(Data)

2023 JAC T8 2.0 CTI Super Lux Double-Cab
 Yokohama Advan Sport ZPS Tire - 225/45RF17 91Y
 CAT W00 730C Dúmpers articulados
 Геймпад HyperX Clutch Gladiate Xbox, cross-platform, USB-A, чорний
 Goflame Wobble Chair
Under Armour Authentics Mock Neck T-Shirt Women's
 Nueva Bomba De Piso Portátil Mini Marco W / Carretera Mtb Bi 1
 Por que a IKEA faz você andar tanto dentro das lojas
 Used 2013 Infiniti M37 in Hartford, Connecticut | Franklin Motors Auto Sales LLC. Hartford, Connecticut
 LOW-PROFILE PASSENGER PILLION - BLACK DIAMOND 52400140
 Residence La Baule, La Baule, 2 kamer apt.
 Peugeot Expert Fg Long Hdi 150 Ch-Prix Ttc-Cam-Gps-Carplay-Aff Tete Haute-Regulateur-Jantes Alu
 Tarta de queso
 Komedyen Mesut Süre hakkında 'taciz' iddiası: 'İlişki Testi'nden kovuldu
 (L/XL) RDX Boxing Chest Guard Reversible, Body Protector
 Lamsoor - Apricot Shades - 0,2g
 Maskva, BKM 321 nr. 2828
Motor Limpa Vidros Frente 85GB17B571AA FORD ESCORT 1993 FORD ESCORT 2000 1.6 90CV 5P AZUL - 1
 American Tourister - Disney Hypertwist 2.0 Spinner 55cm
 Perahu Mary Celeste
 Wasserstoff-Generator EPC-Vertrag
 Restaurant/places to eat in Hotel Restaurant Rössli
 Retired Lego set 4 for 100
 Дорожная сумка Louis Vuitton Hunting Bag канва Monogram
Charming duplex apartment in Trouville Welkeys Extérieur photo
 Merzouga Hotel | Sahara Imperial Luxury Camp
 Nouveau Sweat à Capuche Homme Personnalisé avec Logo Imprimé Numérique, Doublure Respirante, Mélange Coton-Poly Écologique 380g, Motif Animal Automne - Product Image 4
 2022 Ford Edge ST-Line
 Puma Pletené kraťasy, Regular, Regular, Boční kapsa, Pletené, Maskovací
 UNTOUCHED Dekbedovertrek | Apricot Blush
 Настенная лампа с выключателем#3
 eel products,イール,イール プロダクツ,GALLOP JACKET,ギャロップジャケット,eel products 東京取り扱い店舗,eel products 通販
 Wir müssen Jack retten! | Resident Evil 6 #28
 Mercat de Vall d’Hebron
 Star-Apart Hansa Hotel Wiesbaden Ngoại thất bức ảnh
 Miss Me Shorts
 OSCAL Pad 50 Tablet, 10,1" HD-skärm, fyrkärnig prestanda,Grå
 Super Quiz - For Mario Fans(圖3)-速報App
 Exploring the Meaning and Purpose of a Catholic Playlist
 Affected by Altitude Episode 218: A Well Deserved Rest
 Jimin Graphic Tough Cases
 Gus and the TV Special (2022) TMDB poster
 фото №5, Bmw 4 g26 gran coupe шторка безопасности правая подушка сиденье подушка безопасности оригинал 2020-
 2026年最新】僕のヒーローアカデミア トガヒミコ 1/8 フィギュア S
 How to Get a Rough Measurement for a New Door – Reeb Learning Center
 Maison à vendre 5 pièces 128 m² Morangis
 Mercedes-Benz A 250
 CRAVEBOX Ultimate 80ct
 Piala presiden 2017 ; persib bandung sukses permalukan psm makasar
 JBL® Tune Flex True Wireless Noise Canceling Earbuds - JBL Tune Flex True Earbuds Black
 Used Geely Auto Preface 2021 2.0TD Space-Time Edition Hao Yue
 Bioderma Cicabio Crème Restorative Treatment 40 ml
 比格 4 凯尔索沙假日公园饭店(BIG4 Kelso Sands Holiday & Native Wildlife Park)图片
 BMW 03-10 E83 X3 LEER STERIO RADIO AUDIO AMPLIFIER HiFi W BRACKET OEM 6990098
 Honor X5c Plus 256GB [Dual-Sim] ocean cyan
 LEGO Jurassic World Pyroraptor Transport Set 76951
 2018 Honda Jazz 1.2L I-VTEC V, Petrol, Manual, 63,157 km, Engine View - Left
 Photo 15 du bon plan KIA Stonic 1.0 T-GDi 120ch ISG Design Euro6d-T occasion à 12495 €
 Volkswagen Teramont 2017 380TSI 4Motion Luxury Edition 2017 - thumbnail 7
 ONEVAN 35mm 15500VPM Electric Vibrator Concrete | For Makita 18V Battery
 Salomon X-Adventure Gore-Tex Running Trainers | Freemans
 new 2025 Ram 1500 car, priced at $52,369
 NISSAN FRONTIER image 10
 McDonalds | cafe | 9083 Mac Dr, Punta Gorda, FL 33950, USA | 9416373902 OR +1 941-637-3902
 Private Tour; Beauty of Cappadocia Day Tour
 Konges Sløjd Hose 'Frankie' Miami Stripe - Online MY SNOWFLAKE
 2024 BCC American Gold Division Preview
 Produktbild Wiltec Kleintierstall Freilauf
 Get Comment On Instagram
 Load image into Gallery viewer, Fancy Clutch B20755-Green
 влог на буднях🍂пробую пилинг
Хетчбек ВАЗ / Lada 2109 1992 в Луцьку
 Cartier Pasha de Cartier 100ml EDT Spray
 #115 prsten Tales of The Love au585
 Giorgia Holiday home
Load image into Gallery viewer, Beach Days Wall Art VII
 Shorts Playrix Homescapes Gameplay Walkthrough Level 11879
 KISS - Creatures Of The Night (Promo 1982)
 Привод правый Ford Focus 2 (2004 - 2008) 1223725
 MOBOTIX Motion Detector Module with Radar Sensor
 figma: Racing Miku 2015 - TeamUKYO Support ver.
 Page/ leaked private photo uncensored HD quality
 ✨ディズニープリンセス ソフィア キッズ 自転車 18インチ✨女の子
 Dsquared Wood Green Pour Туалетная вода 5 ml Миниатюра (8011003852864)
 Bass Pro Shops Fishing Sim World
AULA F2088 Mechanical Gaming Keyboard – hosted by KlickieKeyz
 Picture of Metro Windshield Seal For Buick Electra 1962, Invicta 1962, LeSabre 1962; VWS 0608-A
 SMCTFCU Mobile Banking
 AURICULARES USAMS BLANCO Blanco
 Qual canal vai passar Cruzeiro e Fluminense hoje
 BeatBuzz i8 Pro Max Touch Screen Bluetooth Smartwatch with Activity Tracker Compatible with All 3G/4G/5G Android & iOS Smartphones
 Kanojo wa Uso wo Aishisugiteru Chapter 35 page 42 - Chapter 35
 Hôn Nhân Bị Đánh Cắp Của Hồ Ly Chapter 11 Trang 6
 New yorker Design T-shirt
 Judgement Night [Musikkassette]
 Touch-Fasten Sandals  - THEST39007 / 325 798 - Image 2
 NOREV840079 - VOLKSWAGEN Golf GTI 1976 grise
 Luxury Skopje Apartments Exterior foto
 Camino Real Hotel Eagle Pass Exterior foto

(End Data)

Show, from the listing above, every line holding the word "Night".

 KISS - Creatures Of The Night (Promo 1982)
 Judgement Night [Musikkassette]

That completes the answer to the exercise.